• WHAT IS EXPECTED:
All lines below starting at the one that holds "Vecteur de contour" and ending at the one that holds "ATREBATES and REGNI, Uninscribed" should be printed exactly, ends included. Pictures should not be printed, nor anything else.

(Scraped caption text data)
::::
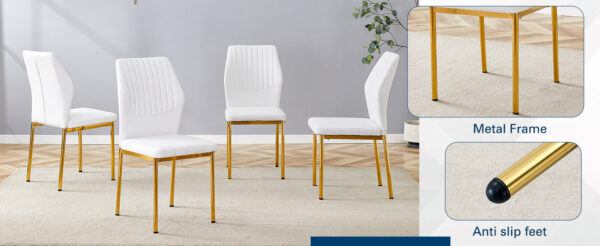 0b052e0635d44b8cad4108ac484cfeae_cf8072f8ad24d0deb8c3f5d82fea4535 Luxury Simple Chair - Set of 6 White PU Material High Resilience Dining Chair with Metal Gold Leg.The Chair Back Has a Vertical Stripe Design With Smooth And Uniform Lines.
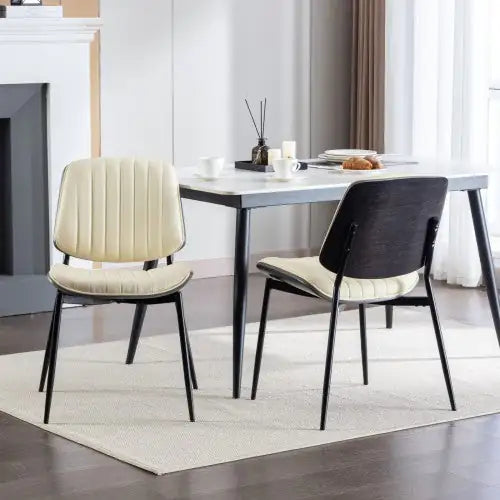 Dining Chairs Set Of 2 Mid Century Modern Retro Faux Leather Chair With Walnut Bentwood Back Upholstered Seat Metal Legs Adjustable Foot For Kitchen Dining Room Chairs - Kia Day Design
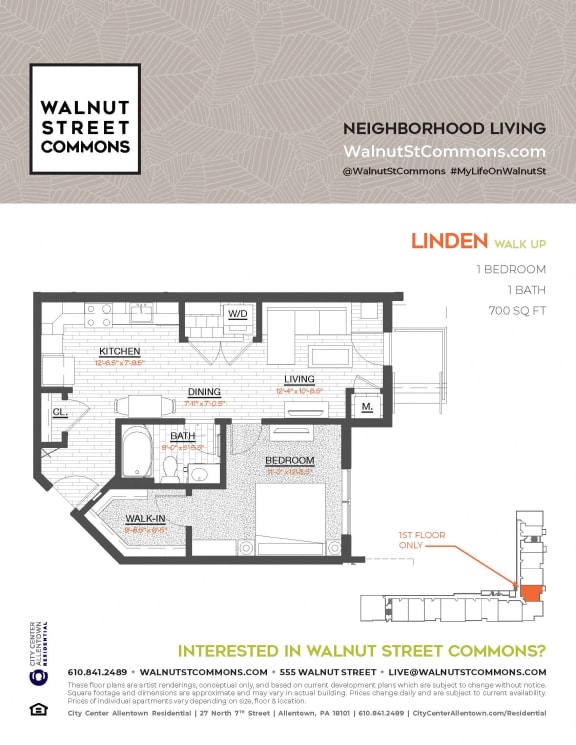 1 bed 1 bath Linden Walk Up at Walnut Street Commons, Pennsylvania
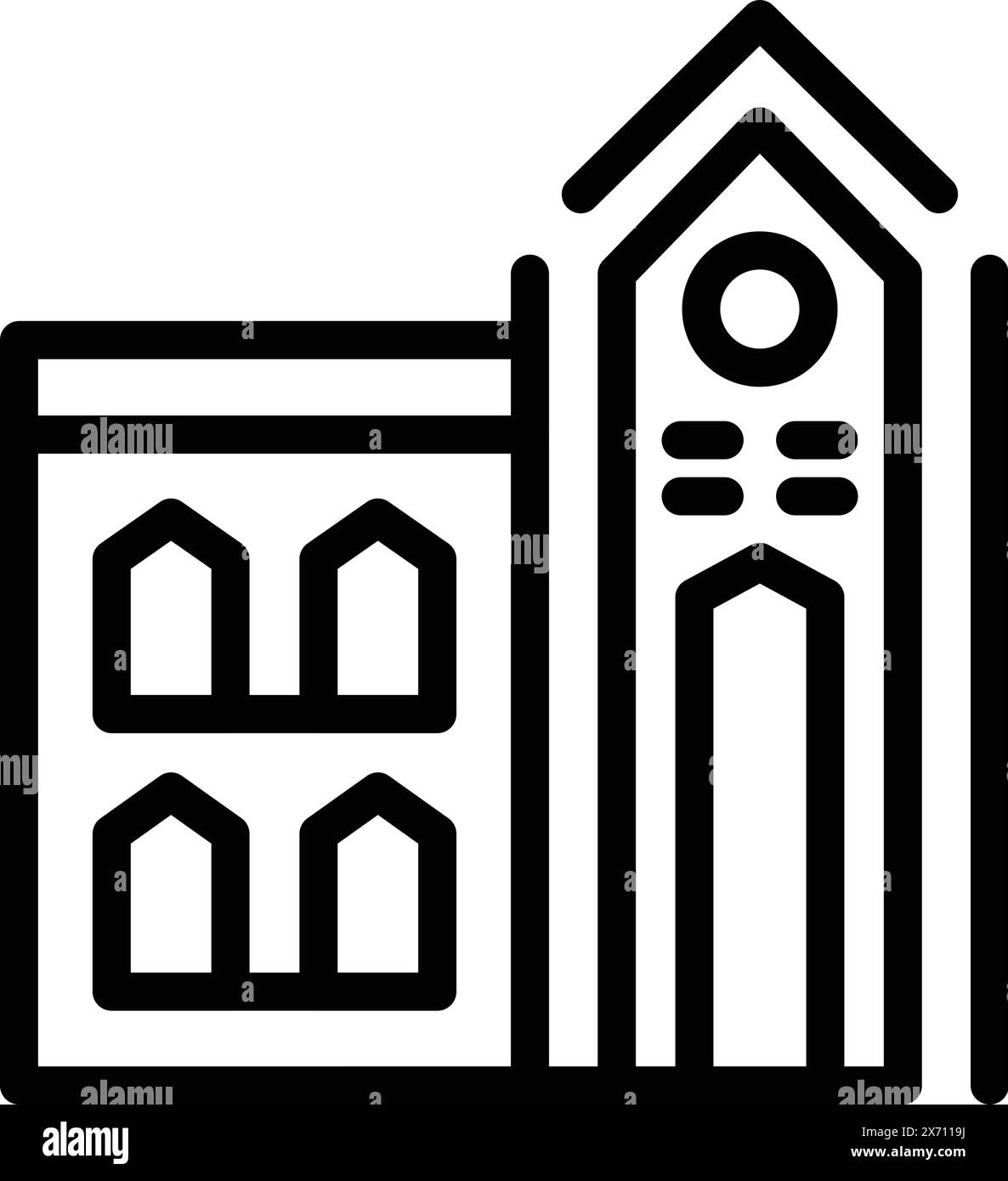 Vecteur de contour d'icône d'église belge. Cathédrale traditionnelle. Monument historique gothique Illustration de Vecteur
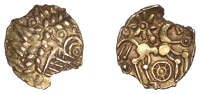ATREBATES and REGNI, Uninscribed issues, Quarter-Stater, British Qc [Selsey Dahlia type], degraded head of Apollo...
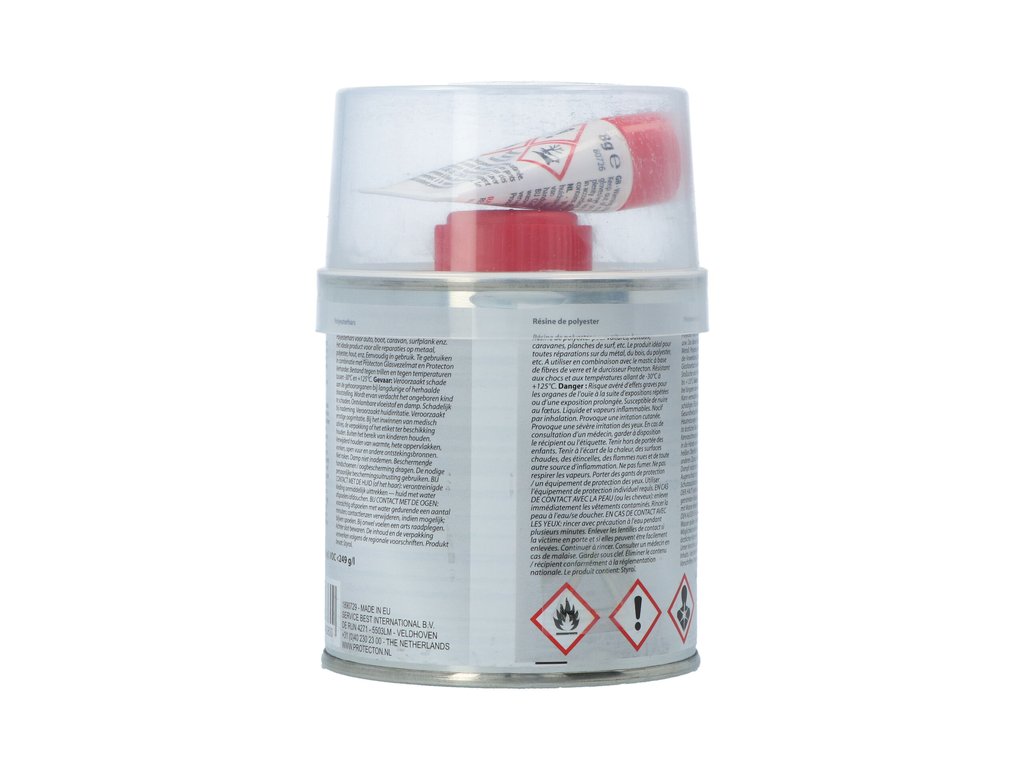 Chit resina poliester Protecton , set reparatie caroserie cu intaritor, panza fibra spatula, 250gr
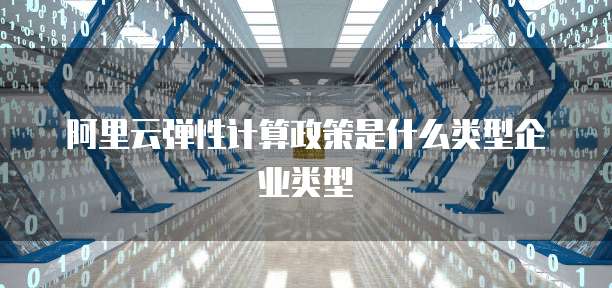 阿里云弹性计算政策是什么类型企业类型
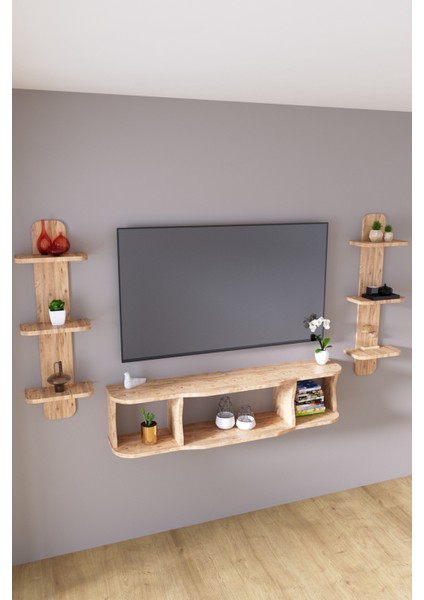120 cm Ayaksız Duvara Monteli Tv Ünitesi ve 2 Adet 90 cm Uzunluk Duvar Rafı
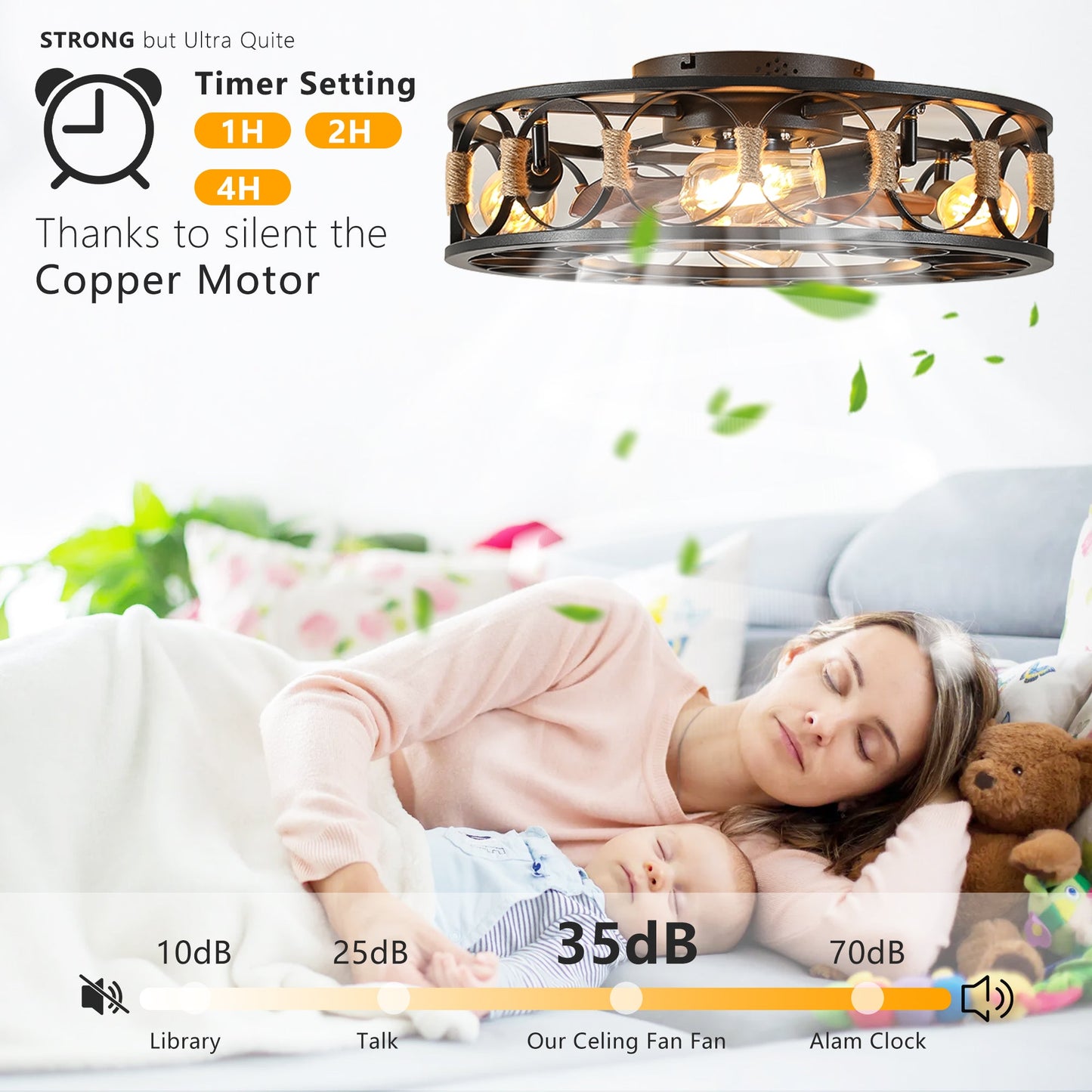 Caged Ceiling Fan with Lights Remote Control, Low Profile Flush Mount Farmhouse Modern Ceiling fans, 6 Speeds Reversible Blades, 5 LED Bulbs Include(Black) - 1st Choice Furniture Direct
::::
• WORKED SOLUTION:
 Vecteur de contour d'icône d'église belge. Cathédrale traditionnelle. Monument historique gothique Illustration de Vecteur
ATREBATES and REGNI, Uninscribed issues, Quarter-Stater, British Qc [Selsey Dahlia type], degraded head of Apollo...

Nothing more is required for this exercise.